» Your goal
Can you restate the records below word for word?

» Records
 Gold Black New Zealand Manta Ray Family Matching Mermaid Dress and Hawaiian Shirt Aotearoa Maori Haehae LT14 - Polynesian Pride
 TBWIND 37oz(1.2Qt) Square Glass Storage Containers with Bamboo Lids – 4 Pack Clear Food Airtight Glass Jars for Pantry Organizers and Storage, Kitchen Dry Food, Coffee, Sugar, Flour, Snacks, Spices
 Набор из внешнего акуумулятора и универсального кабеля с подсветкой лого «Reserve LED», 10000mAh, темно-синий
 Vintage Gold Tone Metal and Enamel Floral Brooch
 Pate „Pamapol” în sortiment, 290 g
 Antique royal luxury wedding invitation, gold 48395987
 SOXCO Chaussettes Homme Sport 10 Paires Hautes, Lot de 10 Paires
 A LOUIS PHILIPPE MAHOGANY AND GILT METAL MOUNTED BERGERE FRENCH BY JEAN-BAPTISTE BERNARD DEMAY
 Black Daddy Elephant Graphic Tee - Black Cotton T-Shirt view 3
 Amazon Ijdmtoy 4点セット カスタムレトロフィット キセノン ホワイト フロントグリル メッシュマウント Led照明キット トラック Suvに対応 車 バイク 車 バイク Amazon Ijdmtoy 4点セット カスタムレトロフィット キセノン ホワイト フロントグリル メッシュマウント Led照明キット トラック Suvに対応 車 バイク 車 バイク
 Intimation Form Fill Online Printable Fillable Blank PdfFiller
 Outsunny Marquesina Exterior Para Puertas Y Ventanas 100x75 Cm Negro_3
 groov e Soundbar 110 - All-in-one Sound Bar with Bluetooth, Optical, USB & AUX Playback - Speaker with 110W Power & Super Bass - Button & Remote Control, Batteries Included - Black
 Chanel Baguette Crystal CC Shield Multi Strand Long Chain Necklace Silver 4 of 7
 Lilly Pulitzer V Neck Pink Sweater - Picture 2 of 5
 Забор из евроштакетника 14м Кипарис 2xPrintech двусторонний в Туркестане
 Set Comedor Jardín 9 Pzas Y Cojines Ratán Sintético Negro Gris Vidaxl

» Answer section
 Gold Black New Zealand Manta Ray Family Matching Mermaid Dress and Hawaiian Shirt Aotearoa Maori Haehae LT14 - Polynesian Pride
 TBWIND 37oz(1.2Qt) Square Glass Storage Containers with Bamboo Lids – 4 Pack Clear Food Airtight Glass Jars for Pantry Organizers and Storage, Kitchen Dry Food, Coffee, Sugar, Flour, Snacks, Spices
 Набор из внешнего акуумулятора и универсального кабеля с подсветкой лого «Reserve LED», 10000mAh, темно-синий
 Vintage Gold Tone Metal and Enamel Floral Brooch
 Pate „Pamapol” în sortiment, 290 g
 Antique royal luxury wedding invitation, gold 48395987
 SOXCO Chaussettes Homme Sport 10 Paires Hautes, Lot de 10 Paires
 A LOUIS PHILIPPE MAHOGANY AND GILT METAL MOUNTED BERGERE FRENCH BY JEAN-BAPTISTE BERNARD DEMAY
 Black Daddy Elephant Graphic Tee - Black Cotton T-Shirt view 3
 Amazon Ijdmtoy 4点セット カスタムレトロフィット キセノン ホワイト フロントグリル メッシュマウント Led照明キット トラック Suvに対応 車 バイク 車 バイク Amazon Ijdmtoy 4点セット カスタムレトロフィット キセノン ホワイト フロントグリル メッシュマウント Led照明キット トラック Suvに対応 車 バイク 車 バイク
 Intimation Form Fill Online Printable Fillable Blank PdfFiller
 Outsunny Marquesina Exterior Para Puertas Y Ventanas 100x75 Cm Negro_3
 groov e Soundbar 110 - All-in-one Sound Bar with Bluetooth, Optical, USB & AUX Playback - Speaker with 110W Power & Super Bass - Button & Remote Control, Batteries Included - Black
 Chanel Baguette Crystal CC Shield Multi Strand Long Chain Necklace Silver 4 of 7
 Lilly Pulitzer V Neck Pink Sweater - Picture 2 of 5
 Забор из евроштакетника 14м Кипарис 2xPrintech двусторонний в Туркестане
 Set Comedor Jardín 9 Pzas Y Cojines Ratán Sintético Negro Gris Vidaxl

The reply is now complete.